Prom 4 – Budapest Festival Orchestra

Beethoven
The Creatures of Prometheus – Overture
Brahms
Piano Concerto No.1 in D minor, Op.15
Rachmaninov
Symphony No.2 in E minor, Op.27

Stephen Hough (piano)

Budapest Festival Orchestra
Iván Fischer


Reviewed by: Colin Anderson

Reviewed: 21 July, 2003
Venue: Royal Albert Hall, London

The culture and refinement of the Budapest Festival Orchestra is unmistakable. There are also some Slavonic tendencies. Note ’some’. Iván Fischer, usually musical to a fault, can be a tad cavalier – Rachmaninov wanted double basses alone to close his second symphony’s first movement (which works), so Fischer adding a timpani stroke here (he’s not alone) was a vulgar solecism. This took the edge off a very fine performance, one that mercifully got away from presenting Rachmaninov just as the composer of ’big tunes’, plush sonorities and straight structures.
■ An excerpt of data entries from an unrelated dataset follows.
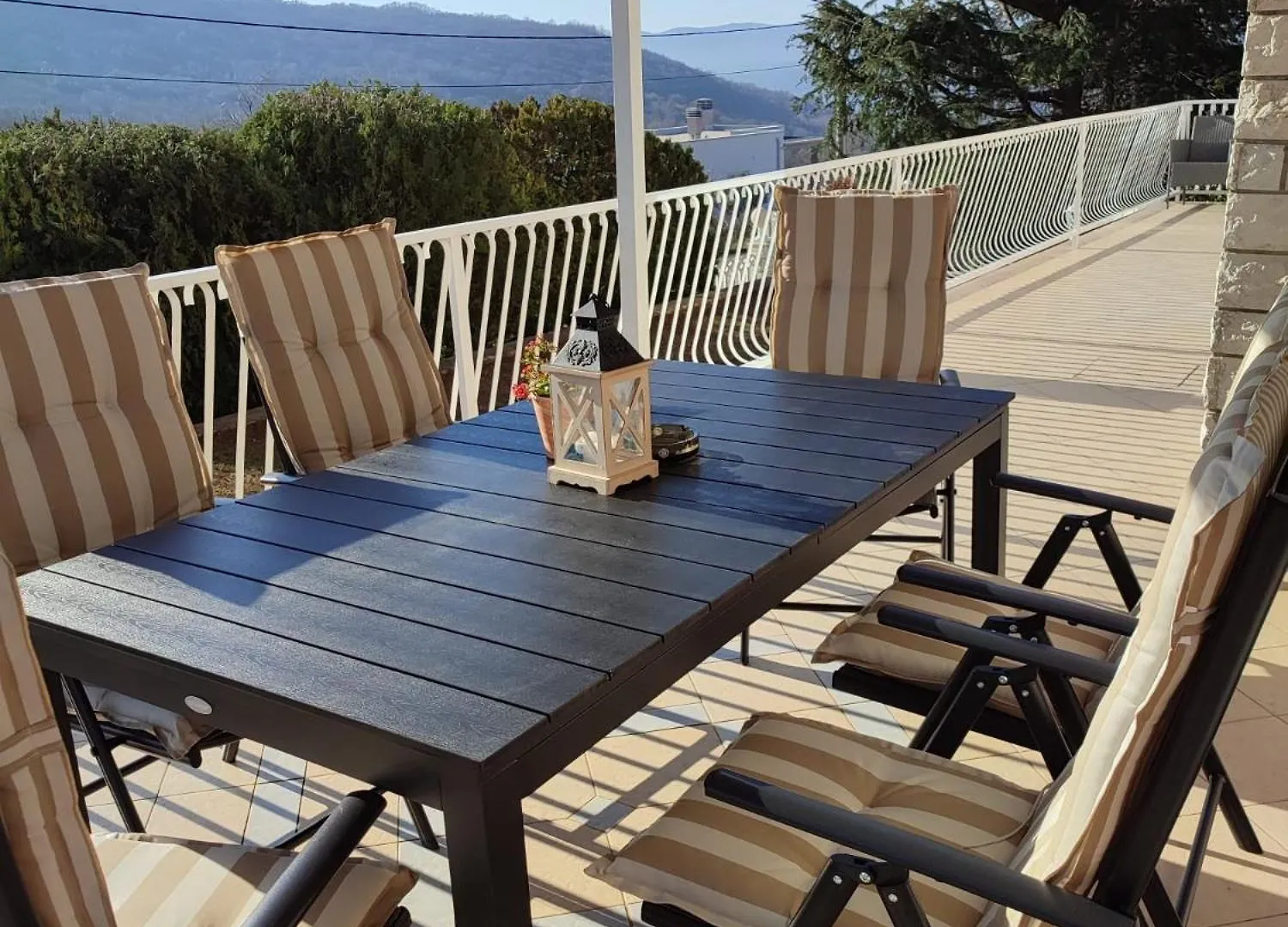 Apartman Vanda Labin  Apartment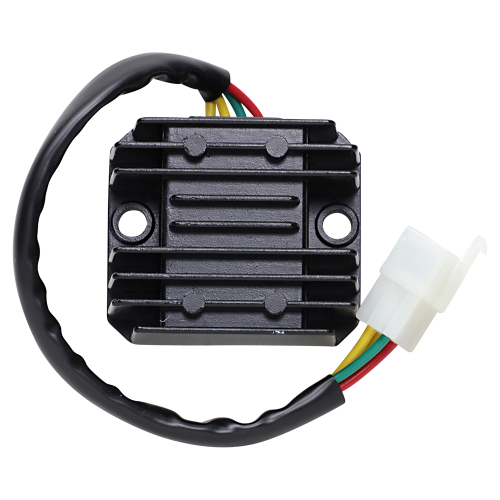 Ricks Motorsport Electric - Ricks Motorsport Electric Rectifier/Regulator - 10-169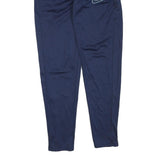 NIKE Mens Joggers Blue S W26 L29 Slim Tapered Sportswear Activewear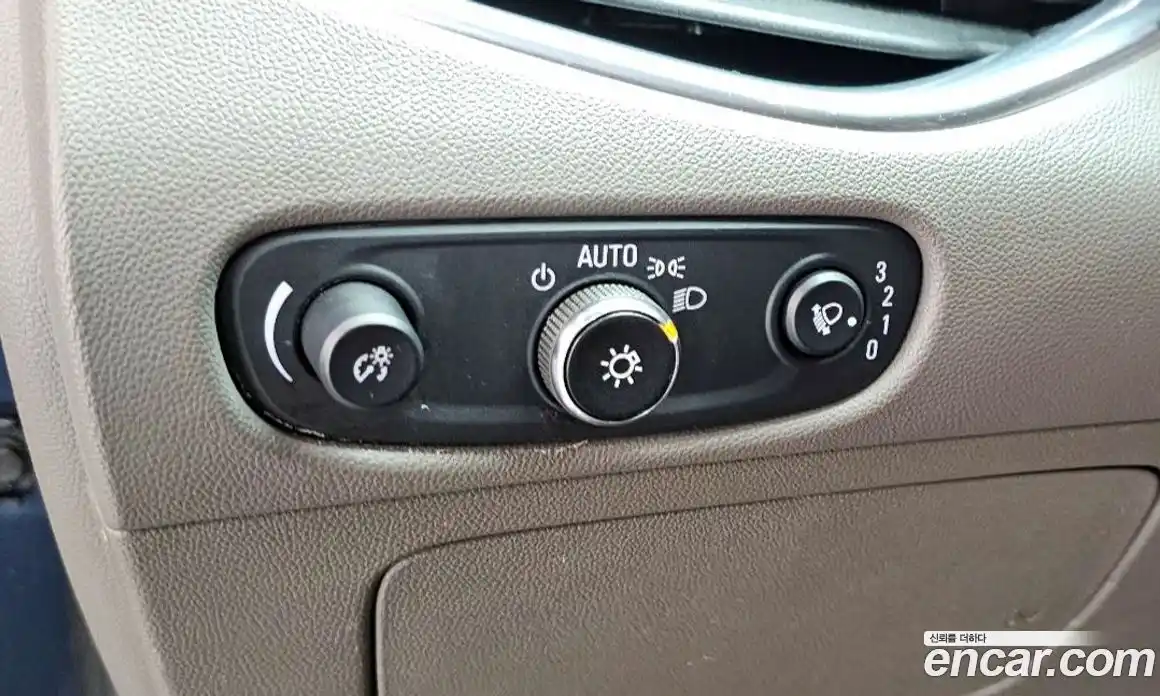 Chevrolet Malibu 2017 2.0 Автомат в Москве № 88293, фото 18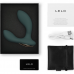 LELO - MASSAGADOR DE PRÓSTATA VERDE HUGO 2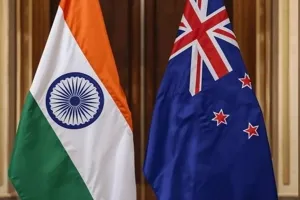 कानपुर : न्यूजीलैंड से निर्यात 450 करोड़ पहुंच सकेगा, एफटीए होने के बाद कई सेक्टर की पहुंच हो सकेगी आसान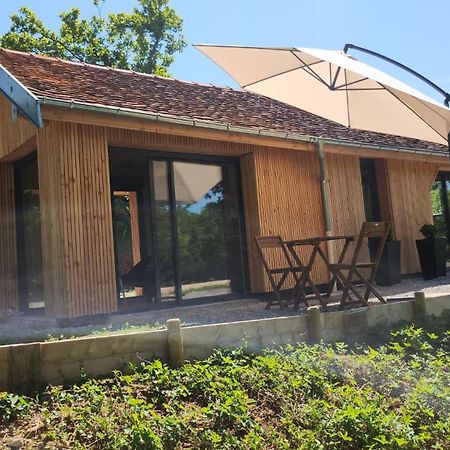Lodge Du Chateau De Feschaux Villeneuve-sous-Pymont Eksteriør billede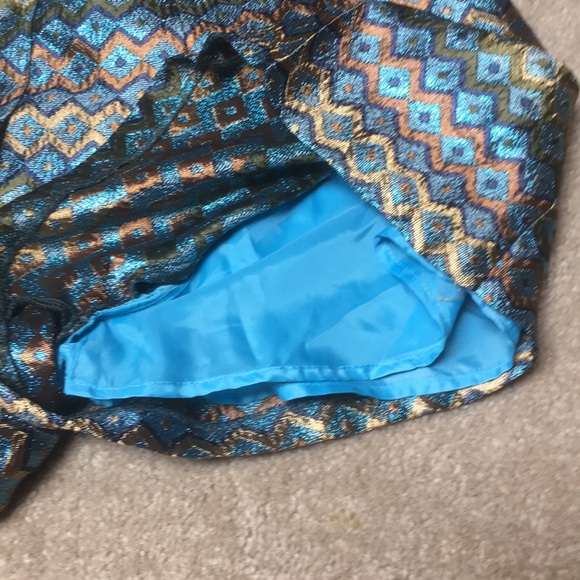 H&M party skort - Picture 3 of 5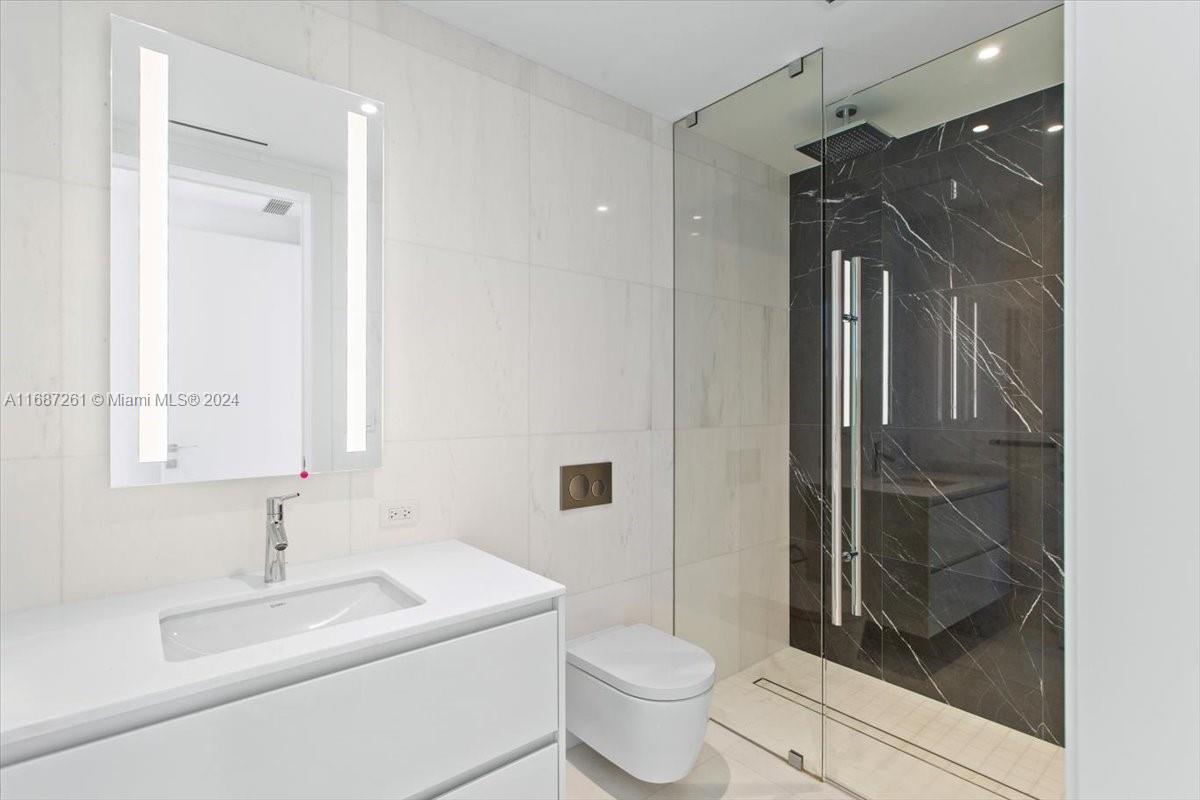 Aston Martin Residences - Residential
Although Fischer could have gone further, he did at least tap into Rachmaninov’s volatility. A few punches pulled lost some drama, certainly in the first movement development. The slow introduction ideally presaged Rachmaninov’s pensive world, the ardour ingrained rather than applied and with a phrasal flexibility that was always directional. There was no malaise and this was no CV from a budding film composer. The highlight was the relatively swift ’Adagio’, an impromptu clarinet solo setting the scene and leading to a magical oasis of calm just before the close. Some of Rachmaninov’s miscalculations were made manifest though, his ’gurgling’ horn scoring being one, a ’colour’ he all too easily abused, and I wonder if the BFO might like to invest in a new glockenspiel; the present instrument is curiously dead-sounding. For the record, Fischer played the symphony complete, exposition repeat aside. Its omission convinced.

Radio 3 listeners were denied the encore. They were fortunate – a noisy romp through Johann Strauss II’s Eljen a Magyar! This music is too good to be so cheapened – effects exaggerated and unsolicited cymbal clashes, although Fischer does bring out a reference to Berlioz like no other conductor!

Beethoven’s brief (ballet) overture was the token Greek entry – which might have been an opportunity to sample a couple of the other movements – and demonstrated the orchestra’s perky woodwinds and unanimous strings; that said, buoyant rhythms aside, a slightly less hectic pace would have found more of the music. The Brahms was disappointing. Stephen Hough was a bit splashy, of little import in itself, but he didn’t help himself in the bullish way he attacked the finale. He rarely appeared engaged. The ’Adagio’ seemed unbearably slow, although the stopwatch denies this. It certainly didn’t tread hallowed ground. Fleeting moments of illumination invariably came from the orchestra, mostly to do with Fischer’s clarifying of motifs (his use of antiphonal violins, as throughout the evening, helped), yet some fussiness elsewhere was distracting. A Brahms first piano concerto without heroism and profundity is rather heavy going.

That moment of crassness aside, the Rachmaninov is well worth catching on the Radio 3 repeat.

  • Radio 3 re-broadcast on Wednesday 23 July at 2 p.m.